Après voir résumé le sens du propos, montrez la raison de sa progression.

Le passage aux lois marque l'apparition d'un ordre juridique garanti par le pouvoir politique. Les hommes écrivent les règles d'après lesquelles ils veulent vivre et les organisent dans une constitution. Les lois obligent, autorisent ou interdisent. Leur invention est le signe d'une société qui a une conscience plus développée d'elle-même et qui ne veut plus vivre selon des coutumes transmises oralement. Une loi peut être abrogée ou modifiée.

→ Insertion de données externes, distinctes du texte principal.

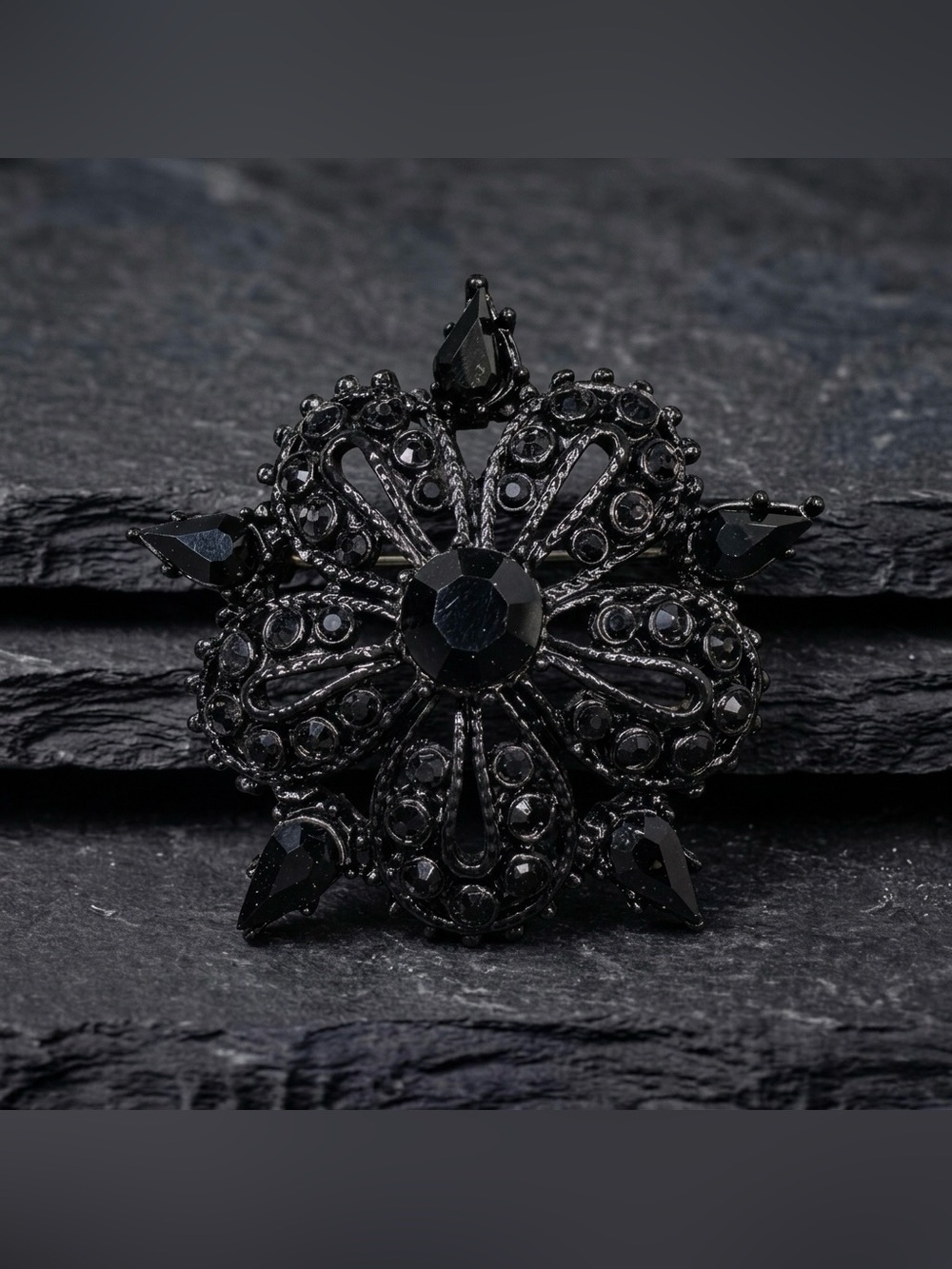 Vintage 70s Goth Black Rhinestone Star Flower Japanned Metal Statement Brooch
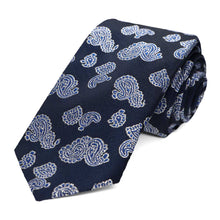 Load image into Gallery viewer, Dark Blue Ivanhoe Paisley Slim Necktie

B. Le sens de cette origine

Une phrase lapidaire indique le terme de la démarche : « Telle fut l'origine de la justice. » Ce point appelle des commentaires. La loi a une fonction organisatrice. Elle doit être un facteur de coopération. Elle encadre les actions de telle sorte que « le besoin de se réunir » soit satisfait. Elle règle les échanges et veille à ce que chacun reçoive la part qui lui est due. Aristote parle en ce dernier sens de justice distributive, à laquelle il donne une fonction essentiellement répressive. Son but est de sanctionner les manquements au droit et à l'honnêteté moyennant des lois qui fixent les peines et qu'un pouvoir – celui du dirigeant – fait appliquer. Ce texte est donc sous-tendu par une vision de la nature humaine. Les hommes ont un sens moral, mais ils sont surtout capables de se nuire au mépris du bien qu'ils ont reçu. Ils doivent craindre les sanctions. Nous en concluons que si les hommes étaient parfaitement moraux, les lois et donc la justice seraient inutiles.

Conclusion

L'analyse du texte a montré que Machiavel organise rigoureusement son propos. Si le hasard est le point de départ de tout, car les hommes auraient pu s'éteindre et ne pas former de sociétés, la création de celles-ci déclenche des processus qui ont tous la marque de la nécessité. Le propos de Machiavel s'élève des besoins matériels aux sentiments moraux et s'achève en faisant apparaître l'idée de justice. Cette histoire du genre humain est logique et l'absence de référence à la thèse d'une Providence montre que la justice est ici une norme dont la nature est exclusivement humaine et sociale.